* THE TASK
Pictures in the material below are to be left out, and only the lines from the line with "EastRock Blues Mundharmonika" up to and including the line with "Balenciaga x Asics" are to be written out exactly.

* THE INPUT
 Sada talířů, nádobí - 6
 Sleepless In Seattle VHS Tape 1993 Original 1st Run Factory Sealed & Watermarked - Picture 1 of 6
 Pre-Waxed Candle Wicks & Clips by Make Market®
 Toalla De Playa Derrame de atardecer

...

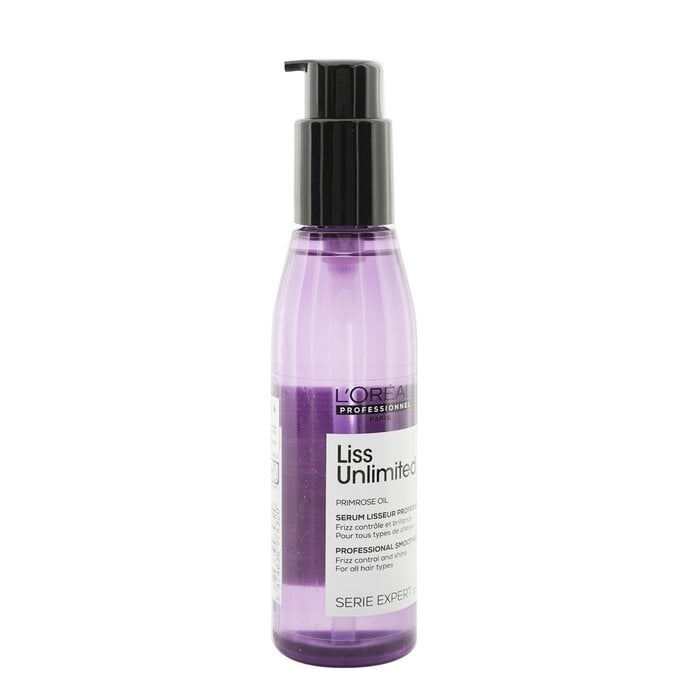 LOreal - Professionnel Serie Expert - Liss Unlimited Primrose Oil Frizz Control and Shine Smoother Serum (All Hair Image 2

--

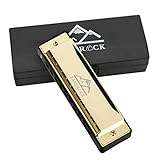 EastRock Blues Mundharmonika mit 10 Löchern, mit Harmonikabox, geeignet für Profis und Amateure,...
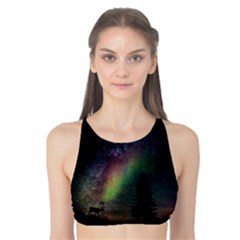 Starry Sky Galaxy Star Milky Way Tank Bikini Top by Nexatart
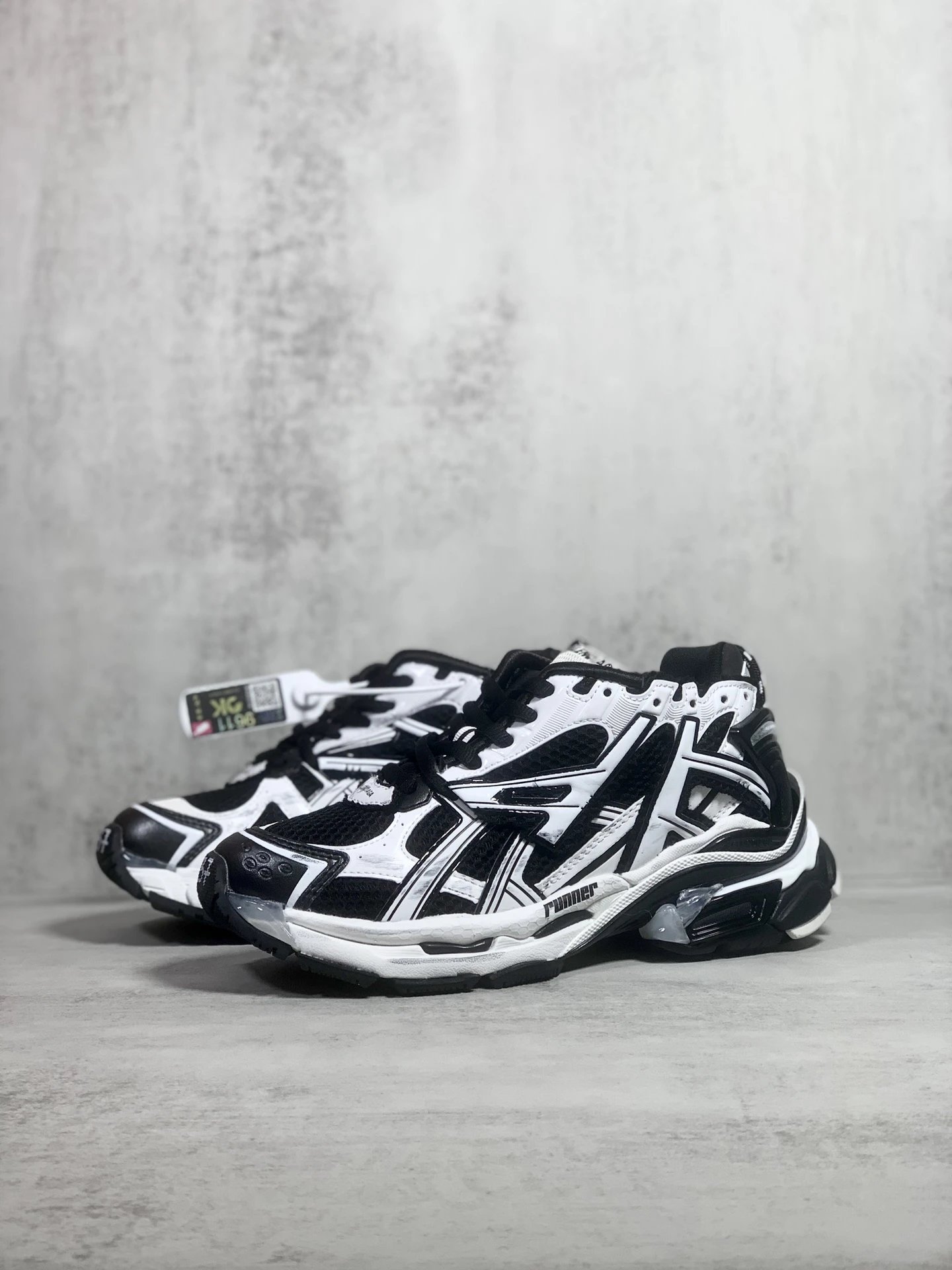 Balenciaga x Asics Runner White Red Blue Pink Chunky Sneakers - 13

* FINISHED EXERCISE
 EastRock Blues Mundharmonika mit 10 Löchern, mit Harmonikabox, geeignet für Profis und Amateure,...
 Starry Sky Galaxy Star Milky Way Tank Bikini Top by Nexatart
 Balenciaga x Asics Runner White Red Blue Pink Chunky Sneakers - 13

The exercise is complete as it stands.